Two Theories

Karole Armitage

Two theories

 

I had only one theory. The assumption I had when I walked in to the Queen Elizabeth Hall was that punk is dead. Or at least that it is outdated. Punk has become a cultural artefact, so how could the revival of a piece that was so radical 30 years ago still have an impact today?

Armitage was going to have to try much harder to be sensational with two revised pieces. The attitude of the original work was still apparent: punk dance has a laziness to it that ballet does not have. It’s in the posture: in the way they hang their heads low and stoop their shoulders. Ballet begins each movement from the wrist, draws the limbs next so that it is all elegance and grace. But punk drives you from your hips and your shoulders, and from there you throw your arms and legs around you. It is movement driven from the very base of your body.

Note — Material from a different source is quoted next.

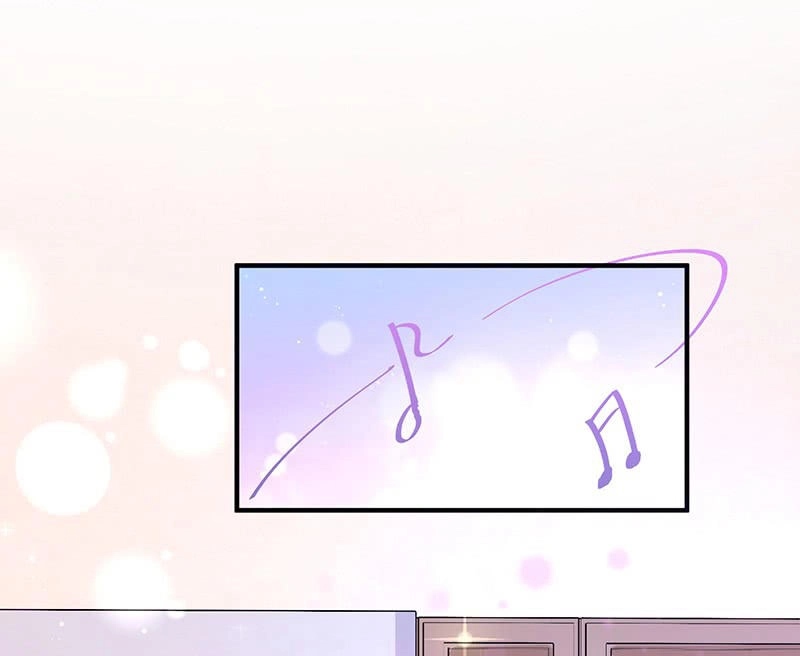 Ác Ma Đừng Hôn Tôi Chapter 23 - 56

Where ballet seeks your appreciation and approval, punk doesn’t want it. It is a much younger discipline, with no desire to prove itself; its nonchalance is almost arrogant. The clash of the two art forms was well articulated on the stage by the tireless performers (their bodies glistened with the effort), but the true rebellious impetus has less relevance now than it might have had in the 80s. They danced like destructive teenagers, but the dated aesthetic made them seem almost like embarrassing parents.

Armitage herself introduced Two Theories, and admitted that it made her feel nostalgic to be back in London with these dances. Inspired by a scientific book on theoretical physics, Armitage’s choreography is itself a creative reaction; ‘it begins’, she said ‘with the unleashing of wildness into empty space’ and she surrendered the stage to her troupe. Barely clothed dancers appeared to disharmonious music, their physical variation as captivating as their movement. They were from all racial backgrounds, were tiny or tall or more muscle-bound than is usual for a dancer. They were (like the atoms they represented) unpredictable little things and not just because you couldn’t guess their movements, but also because they had an independent spirit that might have made them ignore their direction anyway.

As I watched I felt as though if I were to lift one of them and put them on the palm of my hand they would continue to dance, unaware of whether my palm faced up or tipped upside down. Like a windup toy that continued to move if you knocked it onto its side.

The second of the two theories, String, sought show how chaos and order could exist together. The classical Indian music ‘Dark Waves’ that accompanied it sounded like the breaking of dawn and the 10 dancers, now in white leotards, moved with the more graceful, swanlike gestures of traditional ballet, connected in chains across the stage.

After the interval the stage was set up for Drastic-Classicism, and as the guitar sounded its first electric yawn the musicians seemed like a teenage band practising in a garage. The dancers lounged against the back wall of the stage like images from an old vinyl cover, their costumes ripped and draped over them like cobwebs.

Drastic-Classicism lacks the restraint of rigid choreography, allowing the personality of each individual dancer to shine through.  There were moments where the company looked like ballerinas and held their bodies in statuesque positions, but mostly they maintained their hooligan mood. Drastic-Classicism is about finding synthesis in antithesis: in marrying contradictions and I saw beauty in its riotousness.

Perhaps it is because I missed the era of punk that I watched Armitage Gone! with the freshness of a child and was amazed by its ferocious attempt at recapturing the spirit of rebellion that I assume gave punk its energy back in the 80s. There was a certain wildness unleashed upon the stage but, remarkable though their dancing really was to me, perhaps it had become more of a pantomime of punk than a provocative challenge to conventional dance.